Reputation: 357
I am working on parsing Matlab structured arrays in Python. For simplicity, the data structure ultimately consists of 3 fields, say header, body, trailer. Creating some data in Matlab for example:
header_data = {100, 100, 100};
body_data = {1234, 100, 4321};
trailer_data = {1001, 1001, 1001};
data = struct('header', header_data, 'body', body_data, 'trailer', trailer_data);
yields a 1x3 struct array.
This data is then read in Python as follows:
import scipy.io as sio
import numpy as np
matlab_data = sio.loadmat('data.mat', squeeze_me=True)
data = matlab['data']
This makes data
a 1-dimensional numpy.ndarray
of size 3 with dtype=dtype([('header', 'O'), ('body', 'O'), ('trailer', 'O')])

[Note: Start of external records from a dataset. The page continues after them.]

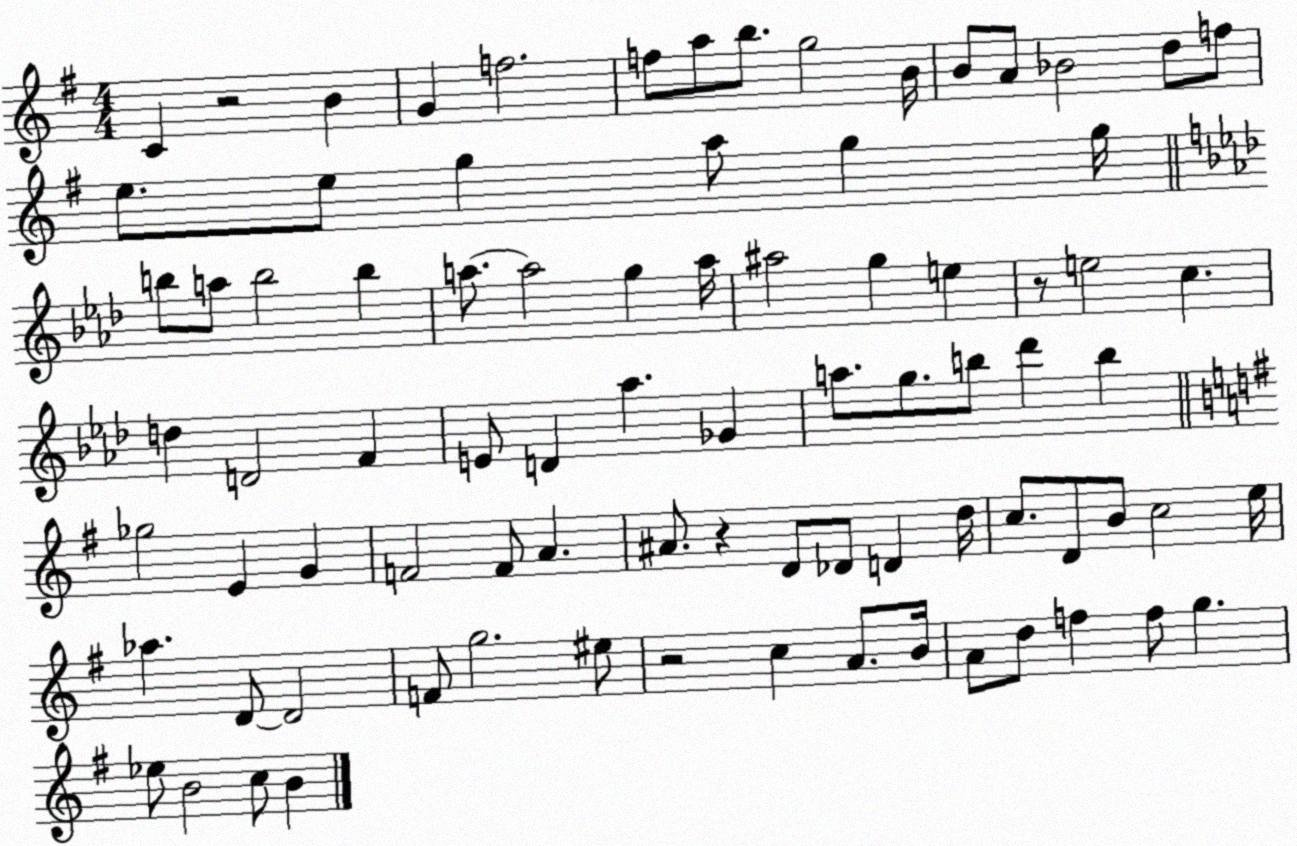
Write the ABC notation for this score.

X:1
T:Untitled
M:4/4
L:1/4
K:G
C z2 B G f2 f/2 a/2 b/2 g2 B/4 B/2 A/2 _B2 d/2 f/2 e/2 e/2 g a/2 g g/4 b/2 a/2 b2 b a/2 a2 g a/4 ^a2 g e z/2 e2 c d D2 F E/2 D _a _G a/2 g/2 b/2 _d' b _g2 E G F2 F/2 A ^A/2 z D/2 _D/2 D d/4 c/2 D/2 B/2 c2 e/4 _a D/2 D2 F/2 g2 ^e/2 z2 c A/2 B/4 A/2 d/2 f f/2 g _e/2 B2 c/2 B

, which I can happily iterate through using numpy.nditer
and extract and parse the data from each struct.
The problem I'm trying to overcome is that unfortunately (and out of my control) in some of the files I need to parse, the above defined struct arrays are themselves a member of another struct array with a field msg
. Continuing with my example in Matlab:
messages = struct('msg', {data(1), data(2), data(3)});
When this is loaded with scipy.loadmat
in Python, it results in a 1-dimensional numpy.ndarray
of size 3 with dtype=dtype([('msg', 'O')])
. In order to reuse the same function for parsing the data fields, I'd need to have logic to detect the msg
field, if it exists, and then extract each numpy.void
from there before calling the function to parse the individual header, body and trailer fields.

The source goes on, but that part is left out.